Man bot das ganze Arsenal merkantilistisch-planwirtschaftlicher Maßnahmen im
Verein mit den verschiedensten sozialen Pflastern und Pflästerchen auf, um die
störenden Folgen der beiden ursprünglichen Monopole auszugleichen. Vergebliche
Mühe! Was vermögen auch schon Reglementierung, Protektionismus,
Einfuhrerschwernisse, Devisenzwangswirtschaft, Kampf um die Absatzmärkte usw.

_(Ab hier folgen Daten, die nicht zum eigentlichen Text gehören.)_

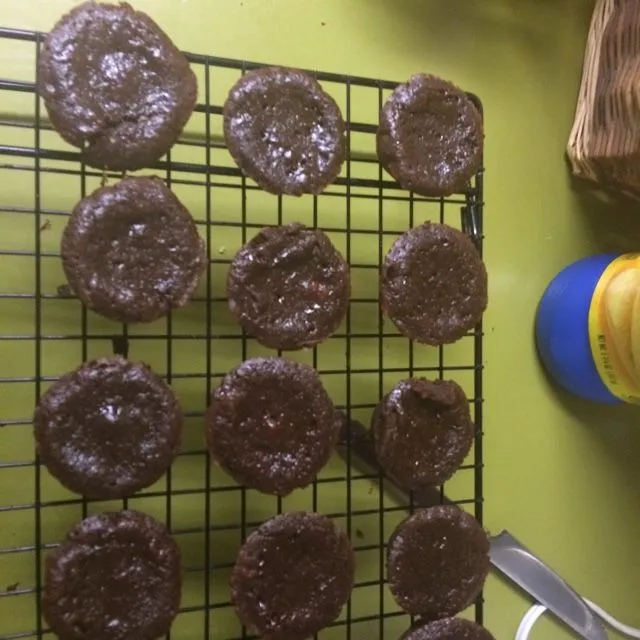 Schokoladen-Haselnuss-Brownies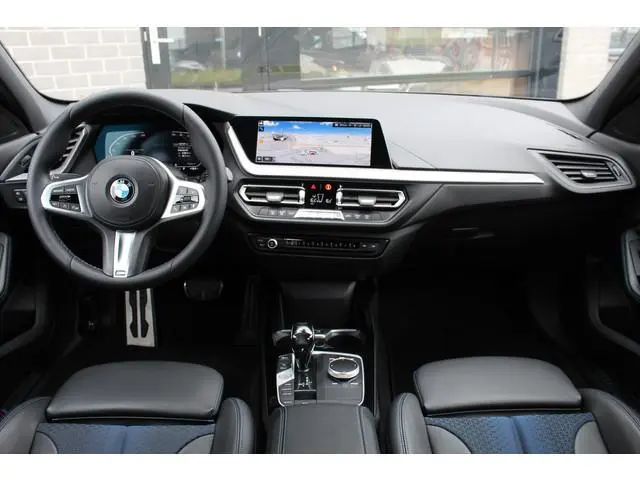 BMW 1-serie 118i Business Edition M Sport / Carplay / LED / N.A.P.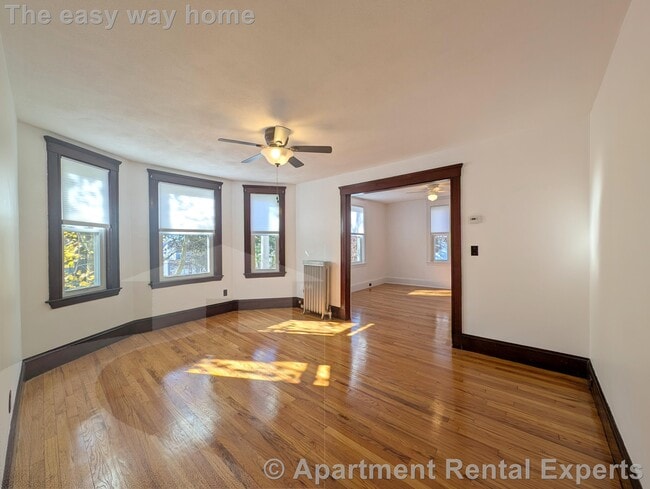 Building Photo - 119 Lowell St Unit #1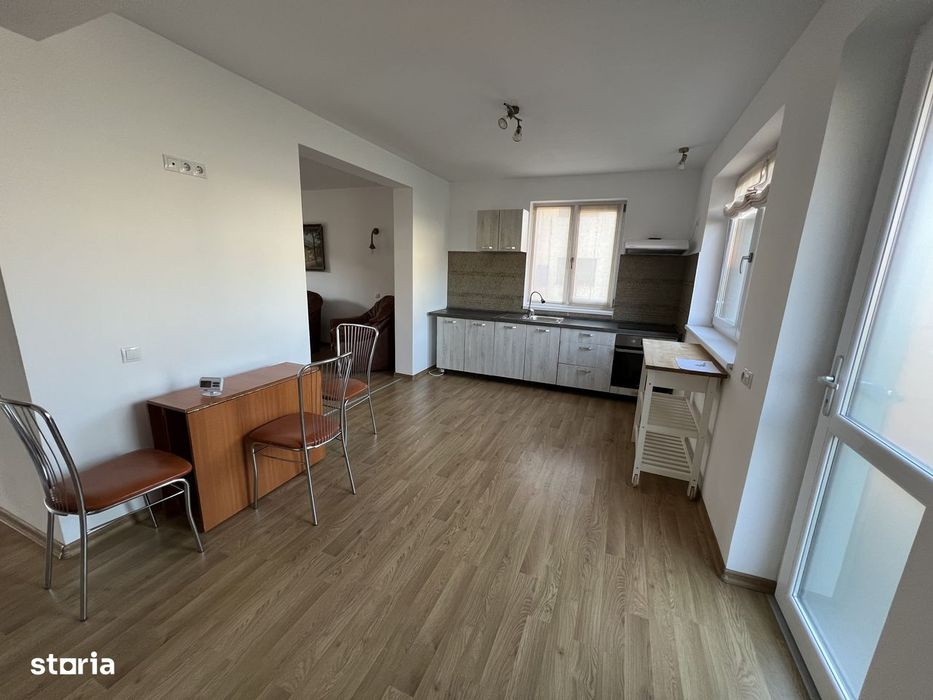 INCHIRIEZ casa 3 camere,constructie noua,zona Strand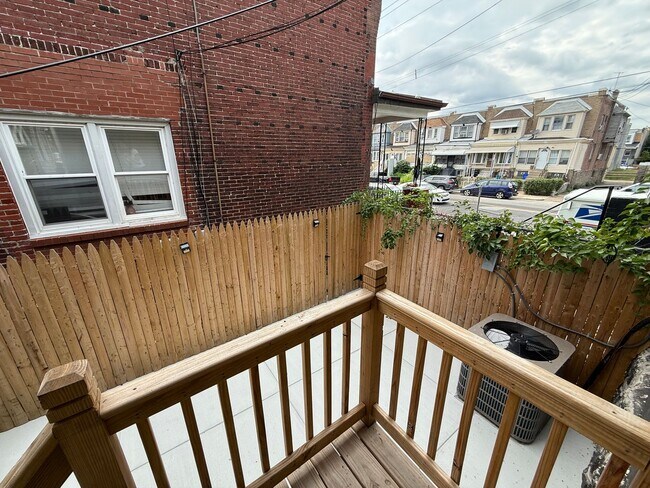 Building Photo - 1402 S 54th St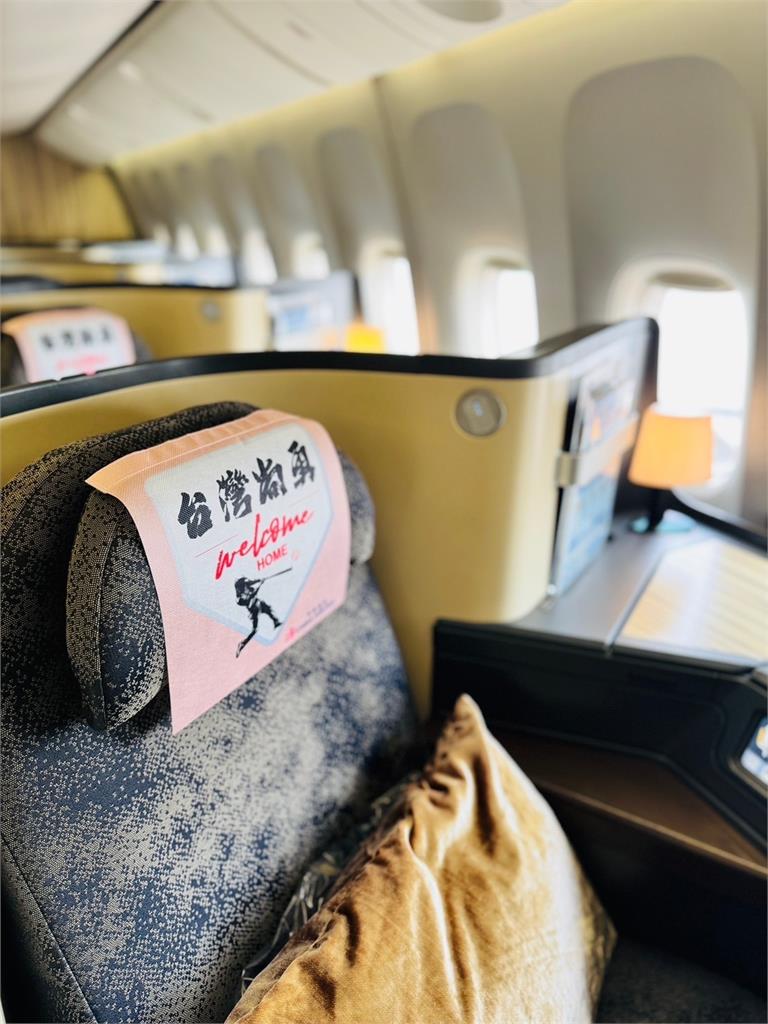 快新聞/凱旋歸國!華航送台灣英雄會員金卡、台灣尚勇勝利包 蔡其昌曝1貼心舉動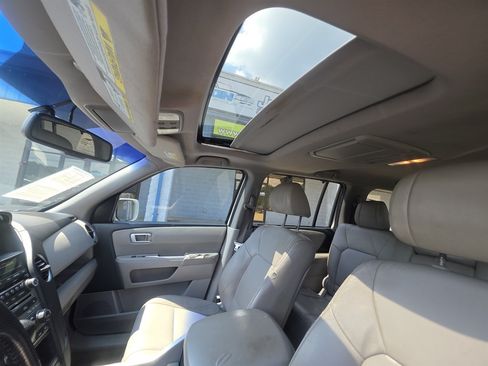 Used 2015 Honda Pilot Touring image 11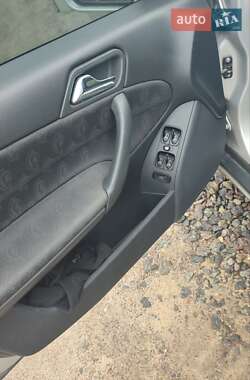 Седан Mercedes-Benz C-Class 2004 в Бершаді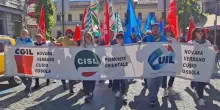 "Uniti per un lavoro sicuro": il corteo del Primo maggio nelle vie di Domodossola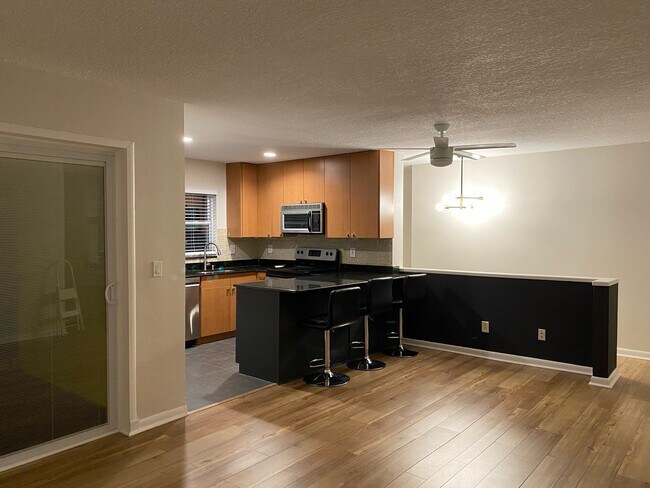 Building Photo - 476 Santa Cruz Pl NE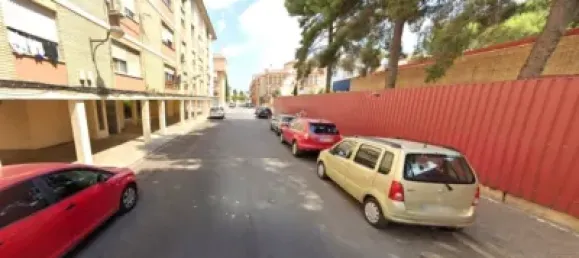 Apartamento de 3 dormitorios en Algemesí, Spain No. 135788 3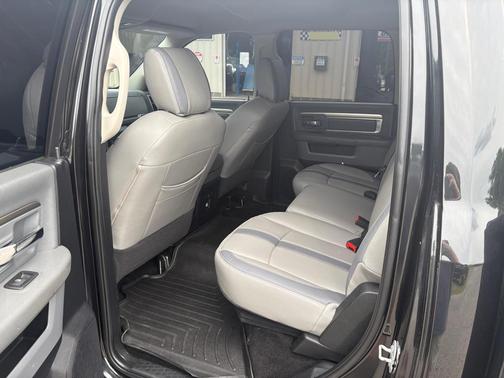 BLACK 2016 RAM 1500 Big Horn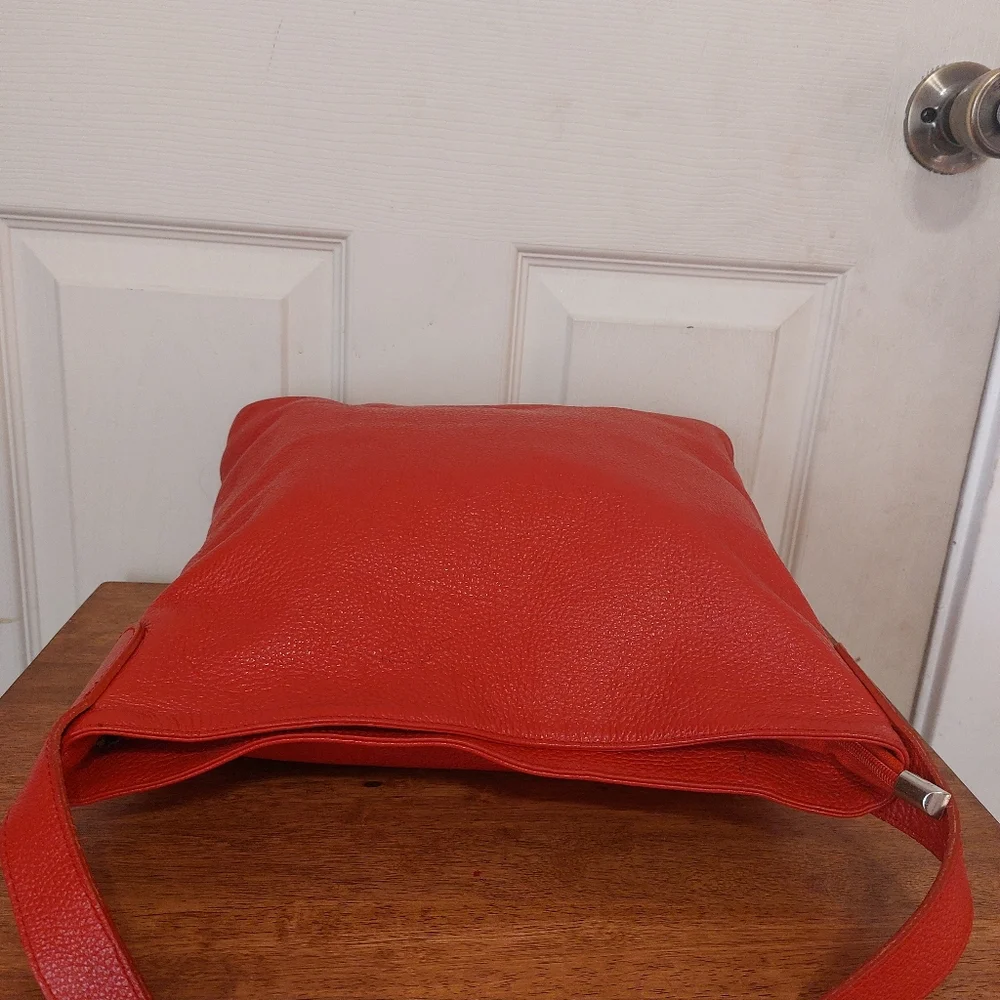 M&R Moda In Pelle Firenze Italy Red Peebled Genuine Leather Hobo Tote Bag - Picture 8 of 14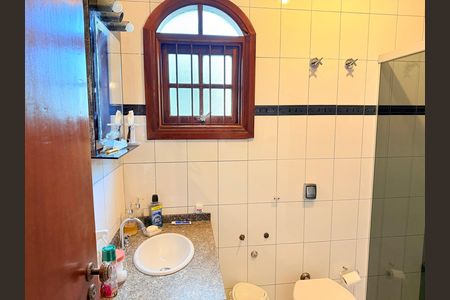 Casa para alugar com 220m², 3 quartos e 3 vagasBanheiro 2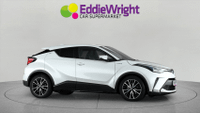 TOYOTA C-Hr Photo 8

in wirtschaftlicher, Arbeitslosenversicherung, Kurzarbeit, Ausweisung oder
Diskriminierung ausländischer Arbeitskräfte u. dgl. in sozialer Hinsicht gegen
die andauernde Unterbeschäftigung auszurichten? Sind sie nicht ein von vornherein
zum Scheitern verurteiltes Herumkurieren an den Erscheinungen? Da man mangels
Kenntnis der wahren Ursachen die Störungen nicht zu beseitigen vermochte,
beschritt man den Weg einer Einschränkung der vorhandenen Reste
wirtschaftlicher Freiheit – eben den Weg, der im Totalitarismus endet.
Alle bisherigen
Lösungsversuche sind missglückt. Sie haben praktisch darin bestanden, die in Erscheinung
tretenden sozialen und Wirtschaftsstörungen durch die Staatsgewalt mehr oder minder
gewalttätig zu unterdrücken, sie von der Oberfläche zu verbannen. Der
Faschismus etwa ist ein derartiger Versuch. Er lässt die Ursache der sozialen
Frage - eben die monopolbedingte Ausbeutung - unangetastet und bekämpft ihre
Folgen durch gewalttätige Eingriffe, die naturgemäß immer weitere Bereiche des
privaten Lebens erfassen und der staatlichen Kontrolle unterstellen müssen.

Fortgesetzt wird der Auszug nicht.